In all these cases, yes, one ought to revert to the belief that life is precious, although the method of doing so will vary.

It's hard to imagine what a true explanatory theory which asserted that "life is bad" or "life is cheap" might look like. But this is no argument. It *might* turn out that reality is some kind of ghastly trap and that all our values are doomed to fail.

Thankfully there's no reason to suppose so.

david said...


We agree that murder is evil, but we reached that conclusion from different paths (I'm assuming you aren't a theist).

The basis for moral imperatives in my worldview is both the law written on my heart by my creator, and the specific things he has revealed in the Bible about what exactly this good/evil business is all about.

Now understandably you would disagree, which is fine but my question is how did you conclude that evil is a mistake "since evil can expect to fail by its own terms." I am assuming you are looking at this from a pragmatic angle?

As to an explanatory theory of why life is good, bad, cheap, precious, me is seems like the Christian worldview has an explanation: man is created in the image of God and set apart among creation. I agree with you that atheism has no such explanation, since without an external reference point one could not distinguish a crooked stick from straight stick. One can only claim that the straight stick tends to work better for performing certain tasks. :-)


Thomas said...

Thank you, David.

Morality can be seen as a set of emergent theories about how to get what one wants. A crucial part of this is continually changing one's wants for the better.

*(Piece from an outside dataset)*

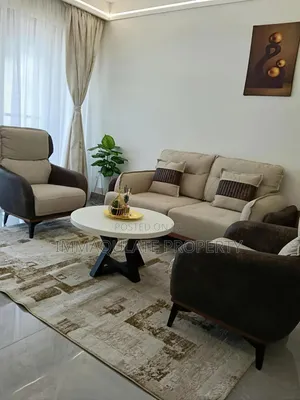 Furnished 2bdrm Apartment in Kilimani, Hurlingham for rent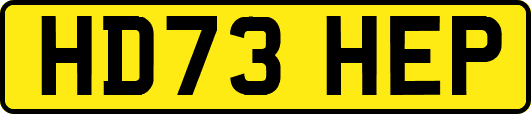 HD73HEP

If this sounds circular I think that's because it is. We solve problems and this leads us to more problems.

A murderer's intentions can be expected to fail. The details will vary, and it may not be obvious to him in the beginning.

e.g. Say he wanted power: well, he's in jail now and consequently pretty powerless.

Say he wanted security: well, even though the police haven't caught him, he is full of remorse and fear for what he has done. He cannot feel secure even in his own company.

It's often my heart that seems to indicate if some course of action is right or wrong. I admit that I usually don't interpret this as the prompting of God, though I could be mistaken about this.

However I acknowledge that the intellect can lead one astray, especially without humility, continual error correction, and the sincere desire to improve.

This view of morality is a practical one, as you suggest, and much of getting what one wants involves practical problem solving.

However being practical isn't enough: I need to choose what to practice, too. Exploration and a sense of adventure are required.